▶ [Dataset records]:
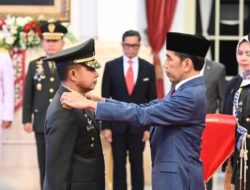 Presiden Jokowi Lantik Agus Subiyanto sebagai KSAD di Istana Negara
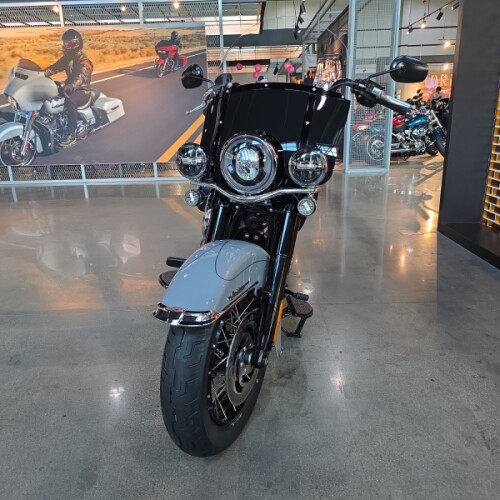 Harley-Davidson® Heritage Classic 2026 thumb 2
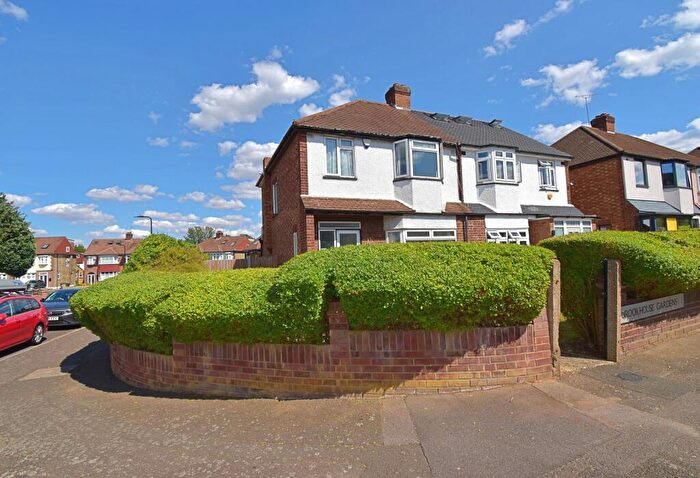 3 Bedroom Semi Detached House For Sale In Brookhouse Gardens, Chingford, London., E4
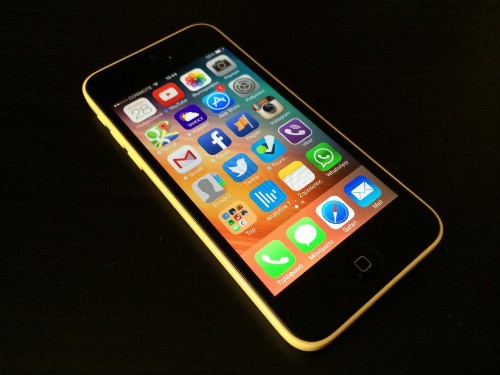 The Majority of iPhone Users Admit to 'Blind Loyalty' - Why This Is A Problem For Apple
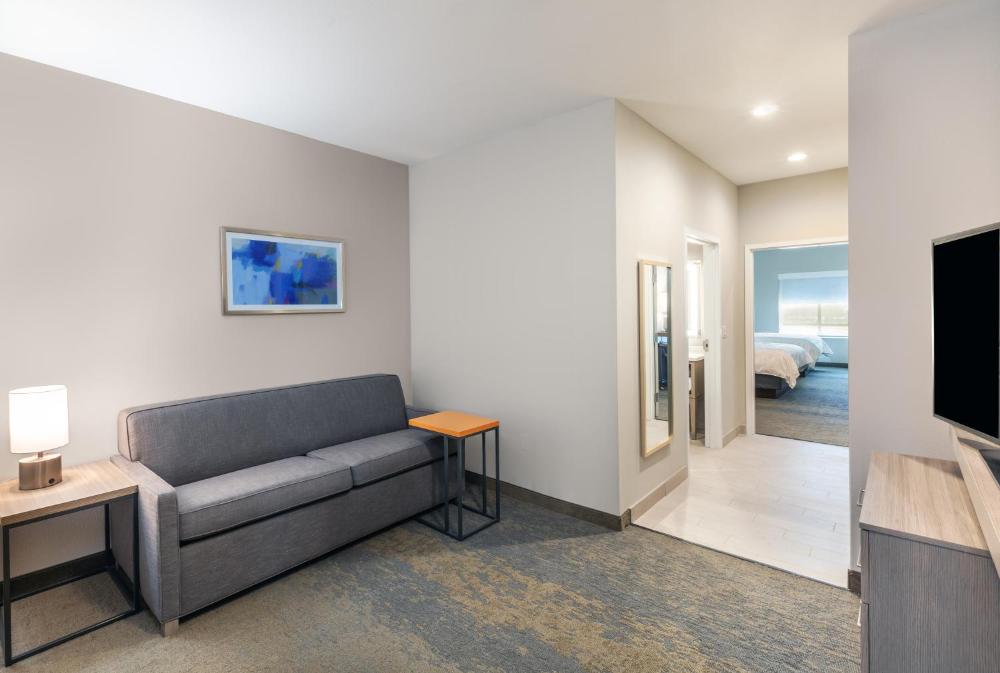 Two-Bedroom Suite with One King Bed, Two Queen Beds and One Sofa Bed interior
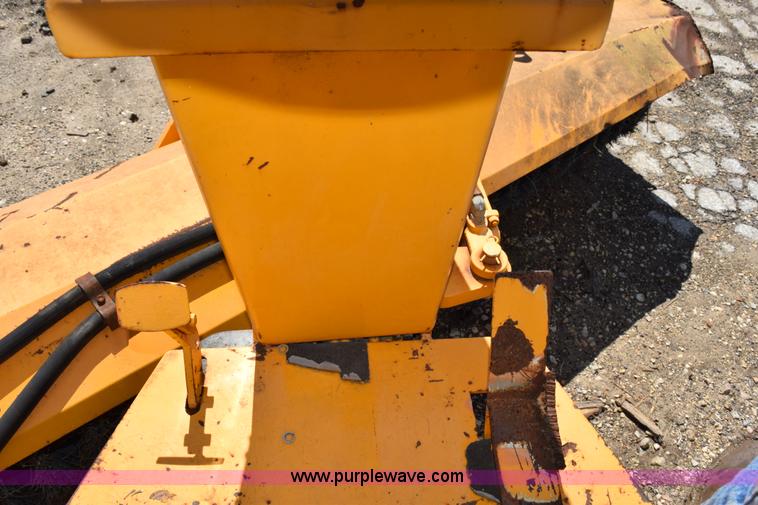 image for item K6061 Broce Broom BB250R sweeper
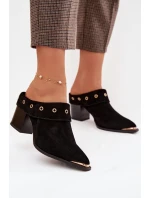 Žabky na podpätku model 225358 Krok vo veľkom štýle Žabky na podpätku model 225358 Krok vo veľkom štýle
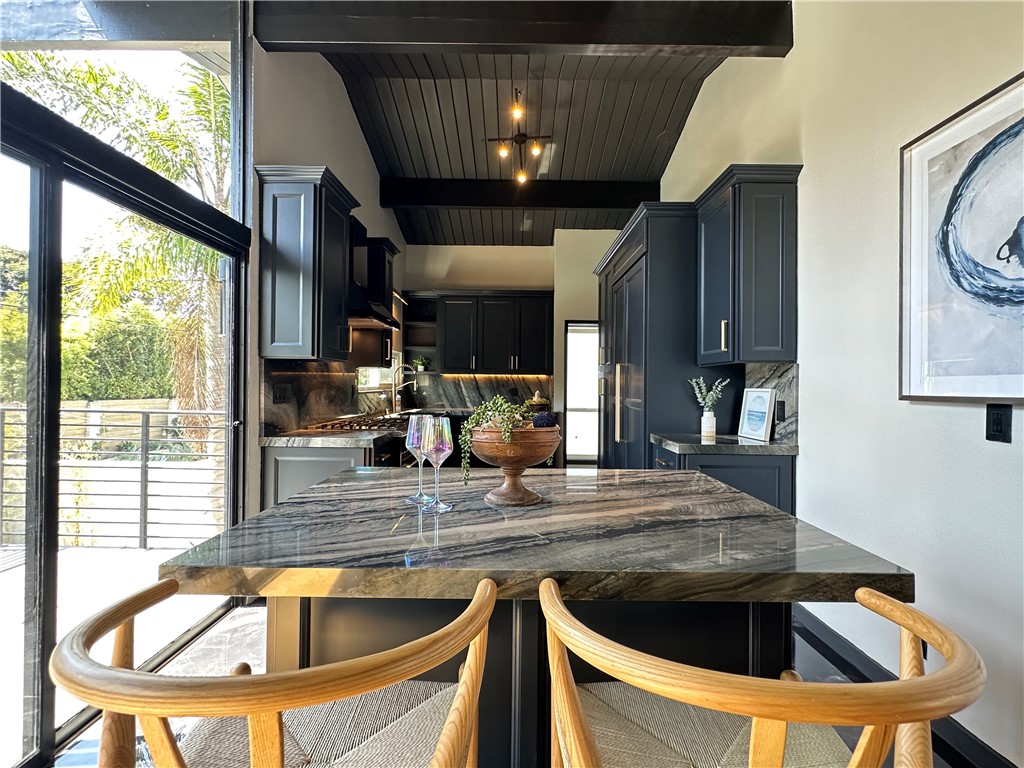 1420 Crestview Avenue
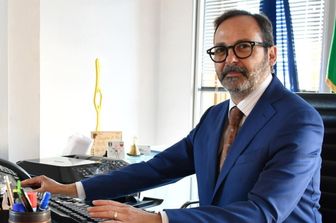 Omicidio di Massa, il sindaco: "No alle strumentalizzazioni. La città è sicura e accogliente"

▶ [Exercise goal]: Exclude the pictures and reproduce every entry exactly.

▶ [Exercise result]:
 Presiden Jokowi Lantik Agus Subiyanto sebagai KSAD di Istana Negara
 Harley-Davidson® Heritage Classic 2026 thumb 2
 3 Bedroom Semi Detached House For Sale In Brookhouse Gardens, Chingford, London., E4
 The Majority of iPhone Users Admit to 'Blind Loyalty' - Why This Is A Problem For Apple
 Two-Bedroom Suite with One King Bed, Two Queen Beds and One Sofa Bed interior
 image for item K6061 Broce Broom BB250R sweeper
 Žabky na podpätku model 225358 Krok vo veľkom štýle Žabky na podpätku model 225358 Krok vo veľkom štýle
 1420 Crestview Avenue
 Omicidio di Massa, il sindaco: "No alle strumentalizzazioni. La città è sicura e accogliente"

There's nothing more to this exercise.